Nearness of an airport, 
Nearness of town or city,
Accessibility, 
Noise,
Countryside, seaside, urban, rural, etc. 

It all boils down to the old adage: location, location, location. You might well be able to build your dream house, but if it's in the wrong location, you can't move it. There is a lot to be said about getting the correct ‘feel’ for the place.

Only you can answer how important the items in your list of concerns are to you, although I see TM has addressed some of them: language, pets, and health care. 

As for the referendum conundrum, we feel it has little concern to us, whatever happens it's out of our hands, but we balance this unknown against: climate, pace of life, lovely helpful people, beautiful scenic countryside, empty motorways, plus the added bonus of ten years of tax free income (check out Non Habitual Residency regime). 

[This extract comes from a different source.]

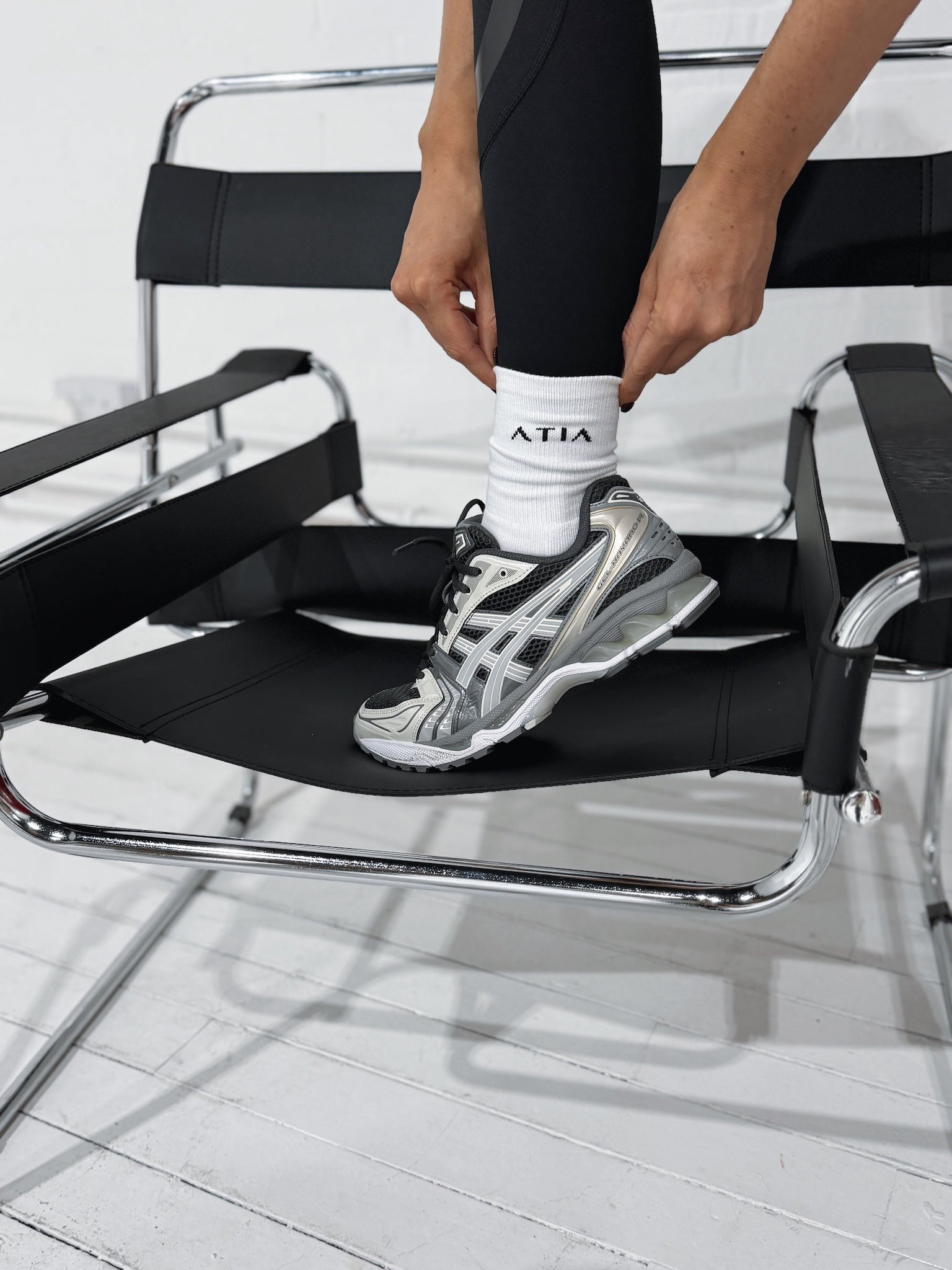 ULTRA RIB SOCKS - WHITE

Oh, and don't under estimate the time it will take you to find a 'good' estate agent (one that 'listens ' to you and understands what you want) or the time it takes in viewing properties. The Portuguese estate agencies are NOT the same as those we find in the UK. They do not have the concept of 'sole agency'. If you are expecting to see 'For Sale' signs as you drive around, you will be sadly disappointed, not a concept widely practiced.

Also beware if you are searching on the web, you may well see the same property turn up with multiple agents. As a result many properties have been sold, but remain on the web. In fact our house is still being advertised on a local agent's site, but we bought it eight months' ago!

Good luck.


----------



## Duchess (Sep 28, 2009)

highlandbob said:


> One slight problem in making the journey is we live at the north tip of Scotland 750 miles away from Plymouth!

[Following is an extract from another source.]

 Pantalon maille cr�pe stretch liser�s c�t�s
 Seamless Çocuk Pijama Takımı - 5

We live in Yorkshire, and have a small dog, so we have decided that when we finally make the move, we'll probably stop overnight in a hotel on the way down to the ferry in either Plymouth or Portsmouth.

I forgot about the amount of posts required before you can PM me, but I look forward to speaking to you, as you seem to have the same questions as we do!!


----------



## highlandbob (Feb 25, 2015)

That's all really good advice thanks. We have made many mental lists of our various wishes over time and they seem to change like the weather but maybe writing them down will help. I will try that today.
I run a business supplying various renewable and waste to energy products to the Uk and various other countries so I would be interested to learn if I wanted to continue this even part time once we are resident in Portugal what the issues are I should aware of.


----------



## Le Saint (Dec 24, 2014)

Hi Bob
We start our journey in April with almost identical intentions as your self.
Agents have been contacted with our requirements in several areas and we will certainly let you know who took notice and listened to what we wanted.
Our plan is to travel for 3 weeks looking at projects then rent in the chosen areas before we buy.
This forum as you probably know will answer most of your questions but a great piece of advice I received was cross reference all advice given.
Good luck with your search.


----------



## Duchess (Sep 28, 2009)

Le Saint said:


> Hi Bob
> We start our journey in April with almost identical intentions as your self.
> Agents have been contacted with our requirements in several areas and we will certainly let you know who took notice and listened to what we wanted.
> Our plan is to travel for 3 weeks looking at projects then rent in the chosen areas before we buy.
> ...


Hi Le Saint

Perhaps you could include me when you pass on your experience to Bob, as we are about the same time frame as him in our search/journey?


----------



## Le Saint (Dec 24, 2014)

Hi Duchess
Yes I certainly will share my experiences with you, we have visited Portugal for many years and have viewed lots of properties around Tomar which we love but now we have decided to look over some coastal areas aswel, have you an interest in any particular area?


----------



## Duchess (Sep 28, 2009)

*hi*



Le Saint said:


> Hi Duchess
> Yes I certainly will share my experiences with you, we have visited Portugal for many years and have viewed lots of properties around Tomar which we love but now we have decided to look over some coastal areas aswel, have you an interest in any particular area?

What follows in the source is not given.